*Brief*. Retype, exactly and with both ends included, the lines below from the one containing "Guarda Municipal de" through the end; omit the pictures.

*Dataset extract*.
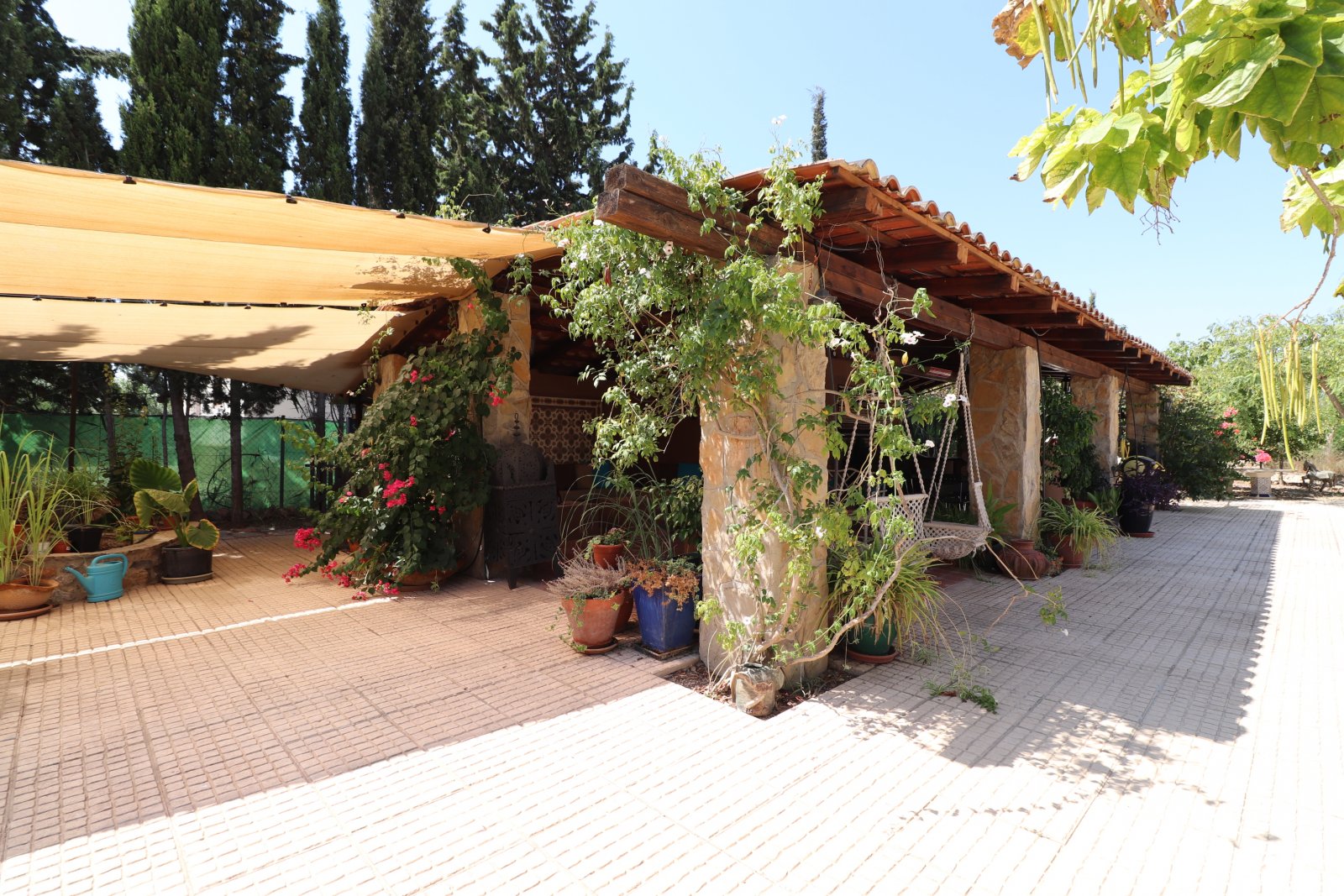   <br />	       This Stunning, Architecturally Designed, Seven Bedroom Country Property in Catral is located in the tranquil Farming Community of t...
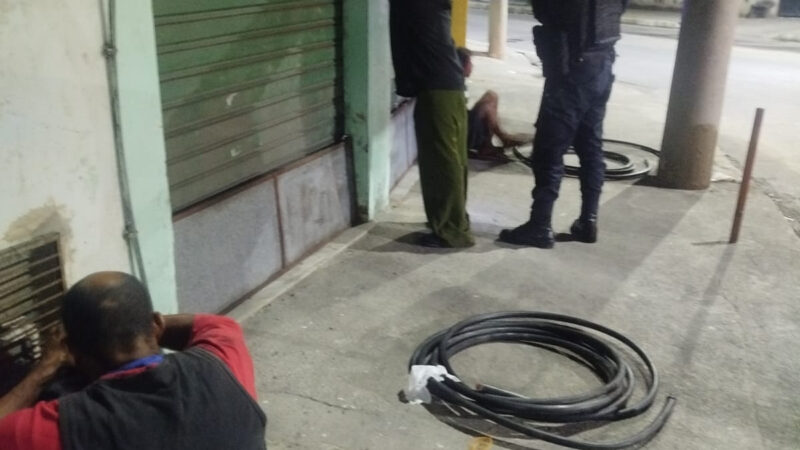 Guarda Municipal de São Gonçalo prende trio em flagrante durante furto de cabos no Centro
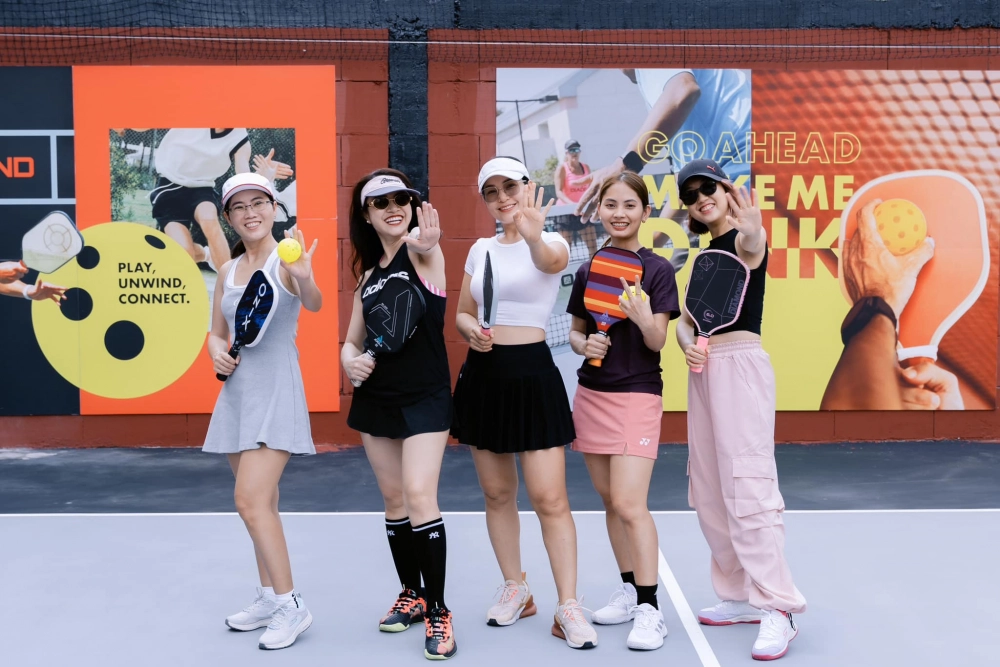 Tạo dáng chụp ảnh pickleball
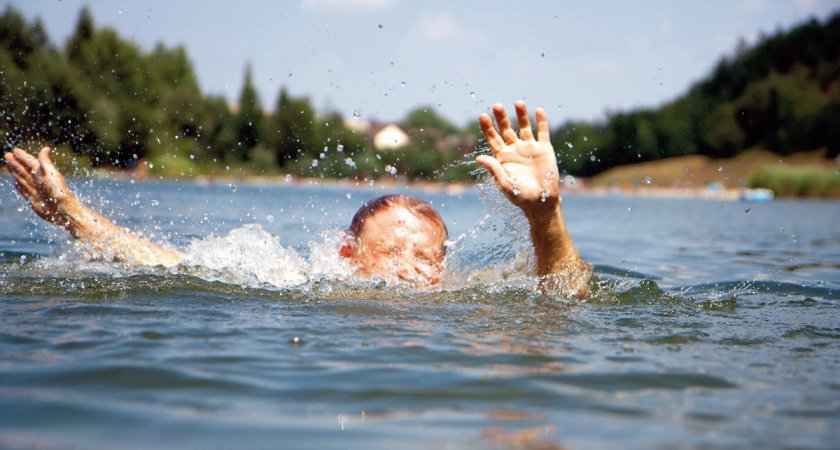 Во Владимире на озере обнаружили труп мужчины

*Solution below*.
 Guarda Municipal de São Gonçalo prende trio em flagrante durante furto de cabos no Centro
 Tạo dáng chụp ảnh pickleball
 Во Владимире на озере обнаружили труп мужчины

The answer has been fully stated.